What is needed:
Please reproduce exactly, and only, the line containing "3 Bar Zenith" and every line after it to the end of the records below, leaving out all pictures.

Data section:
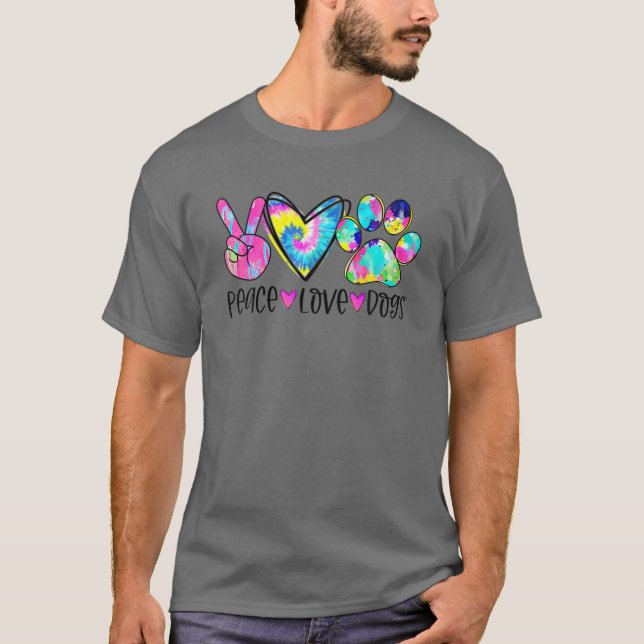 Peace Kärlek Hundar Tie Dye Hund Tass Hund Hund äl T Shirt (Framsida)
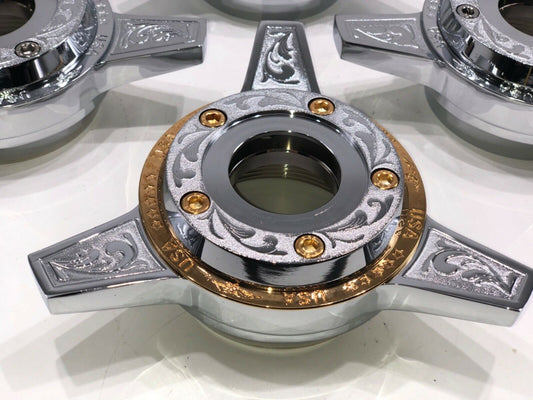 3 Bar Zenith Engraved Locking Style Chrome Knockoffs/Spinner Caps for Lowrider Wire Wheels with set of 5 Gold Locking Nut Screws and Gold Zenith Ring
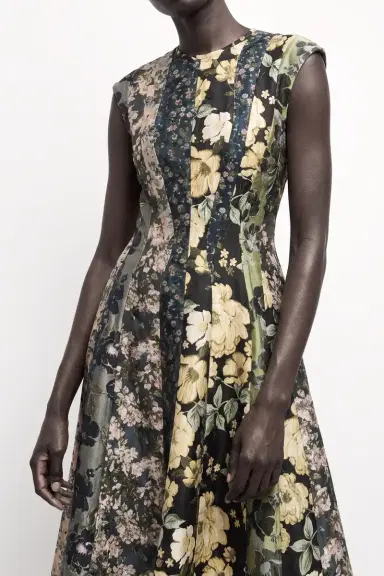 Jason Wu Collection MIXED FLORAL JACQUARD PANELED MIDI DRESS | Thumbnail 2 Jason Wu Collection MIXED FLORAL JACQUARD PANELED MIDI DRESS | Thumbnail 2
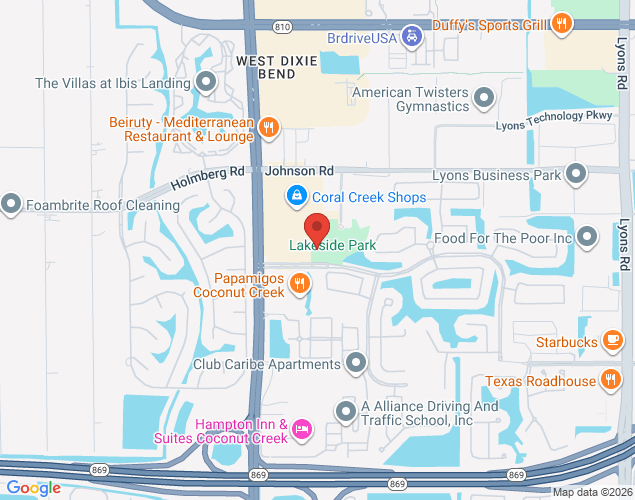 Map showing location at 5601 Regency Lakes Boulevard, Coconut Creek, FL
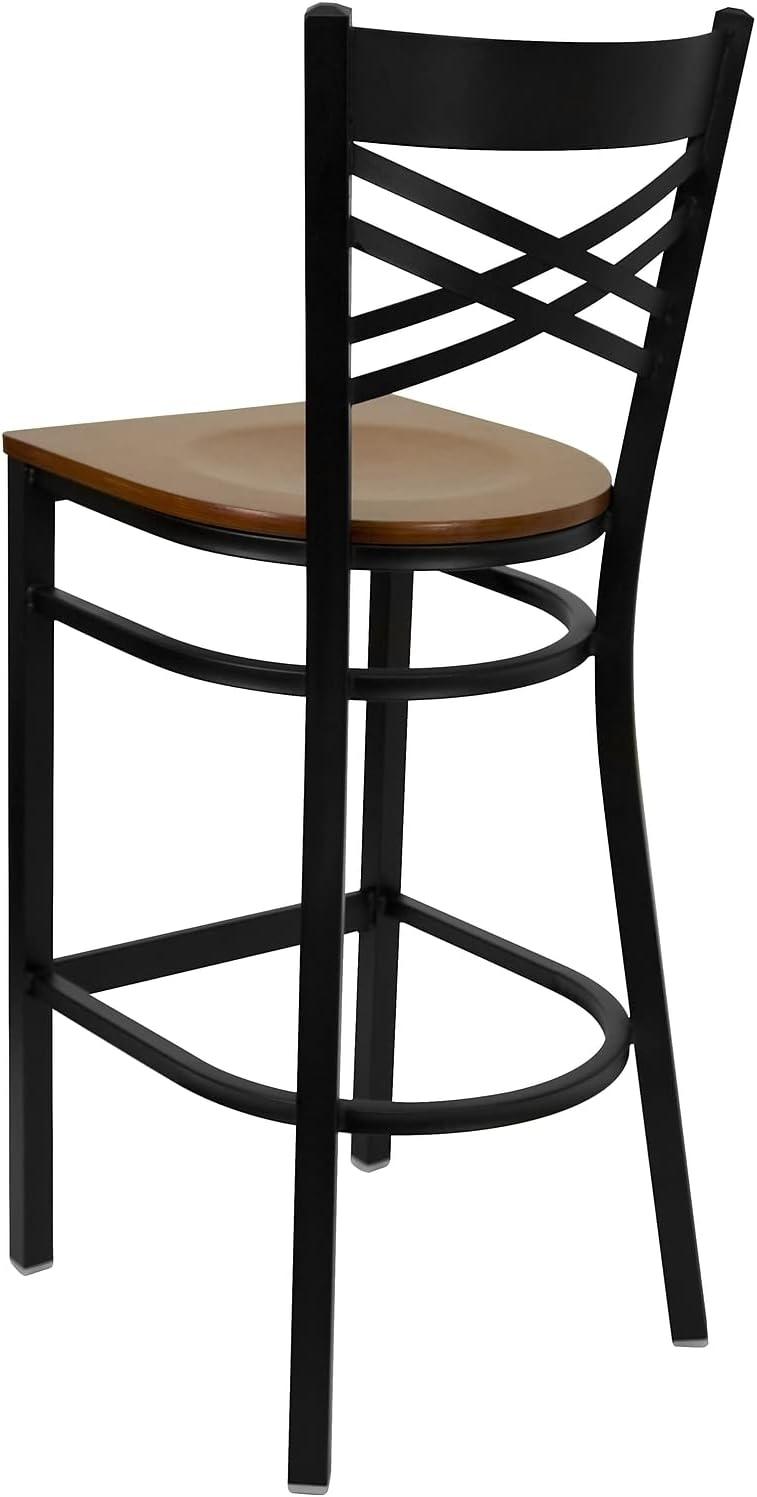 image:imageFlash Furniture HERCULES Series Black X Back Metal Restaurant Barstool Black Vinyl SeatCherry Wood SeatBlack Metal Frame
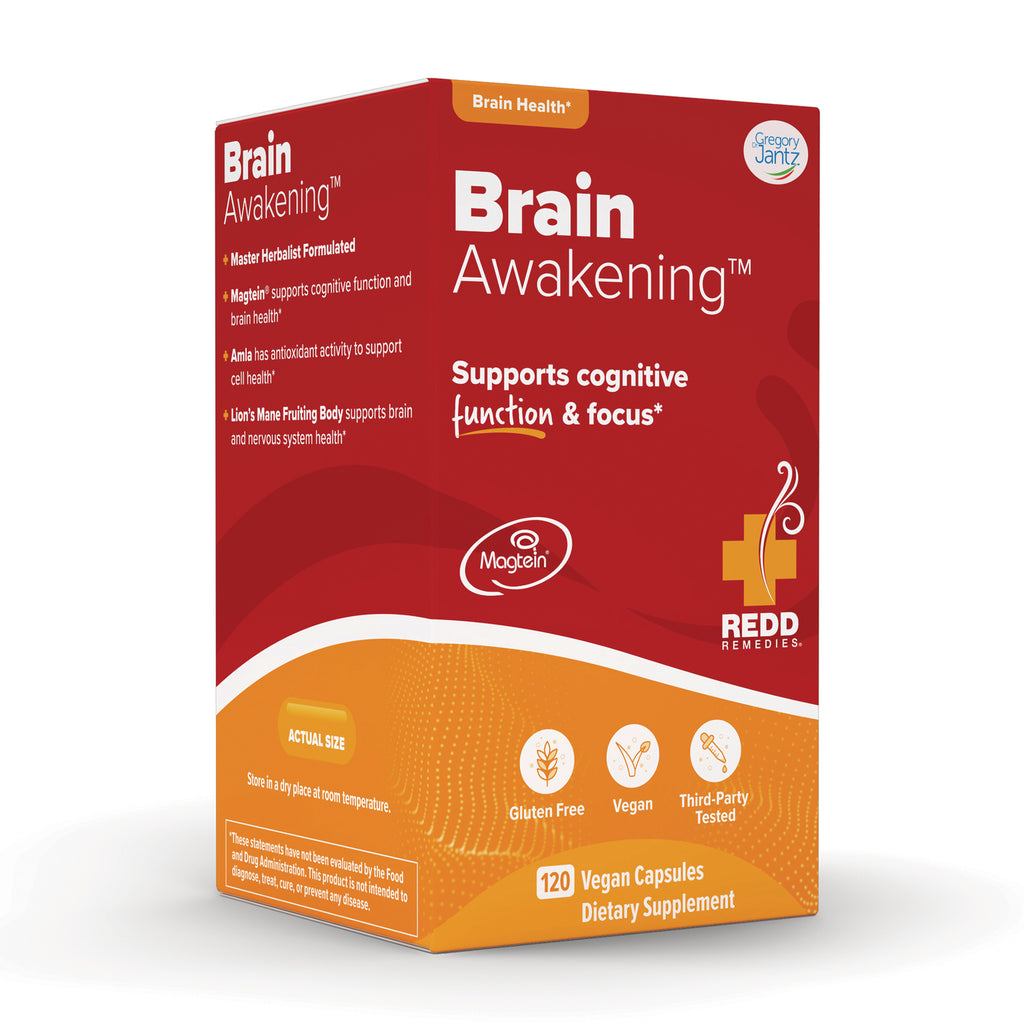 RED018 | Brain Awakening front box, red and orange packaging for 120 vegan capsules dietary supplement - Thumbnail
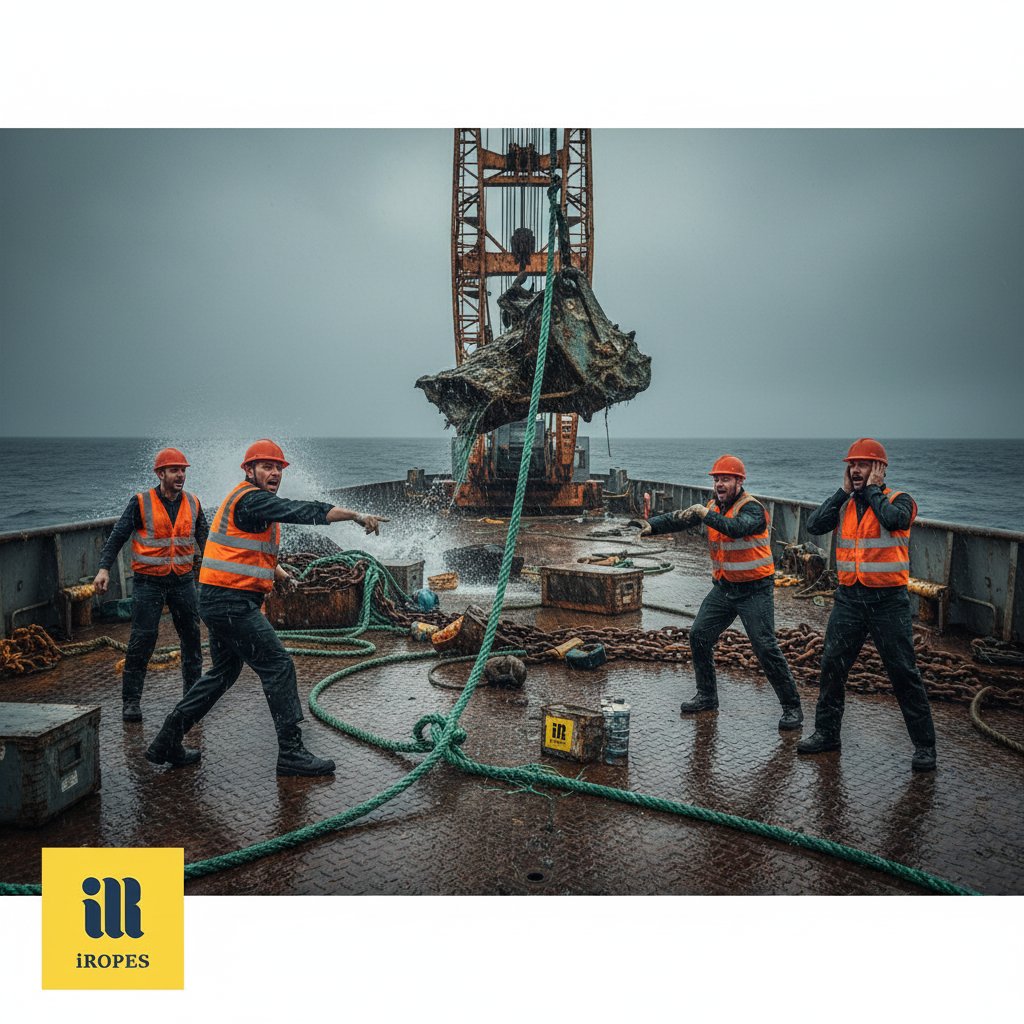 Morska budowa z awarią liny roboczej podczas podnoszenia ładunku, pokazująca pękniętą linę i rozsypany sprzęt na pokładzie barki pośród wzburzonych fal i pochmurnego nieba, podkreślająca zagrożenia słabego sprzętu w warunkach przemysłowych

Finished task:
 3 Bar Zenith Engraved Locking Style Chrome Knockoffs/Spinner Caps for Lowrider Wire Wheels with set of 5 Gold Locking Nut Screws and Gold Zenith Ring
 Jason Wu Collection MIXED FLORAL JACQUARD PANELED MIDI DRESS | Thumbnail 2 Jason Wu Collection MIXED FLORAL JACQUARD PANELED MIDI DRESS | Thumbnail 2
 Map showing location at 5601 Regency Lakes Boulevard, Coconut Creek, FL
 image:imageFlash Furniture HERCULES Series Black X Back Metal Restaurant Barstool Black Vinyl SeatCherry Wood SeatBlack Metal Frame
 RED018 | Brain Awakening front box, red and orange packaging for 120 vegan capsules dietary supplement - Thumbnail
 Morska budowa z awarią liny roboczej podczas podnoszenia ładunku, pokazująca pękniętą linę i rozsypany sprzęt na pokładzie barki pośród wzburzonych fal i pochmurnego nieba, podkreślająca zagrożenia słabego sprzętu w warunkach przemysłowych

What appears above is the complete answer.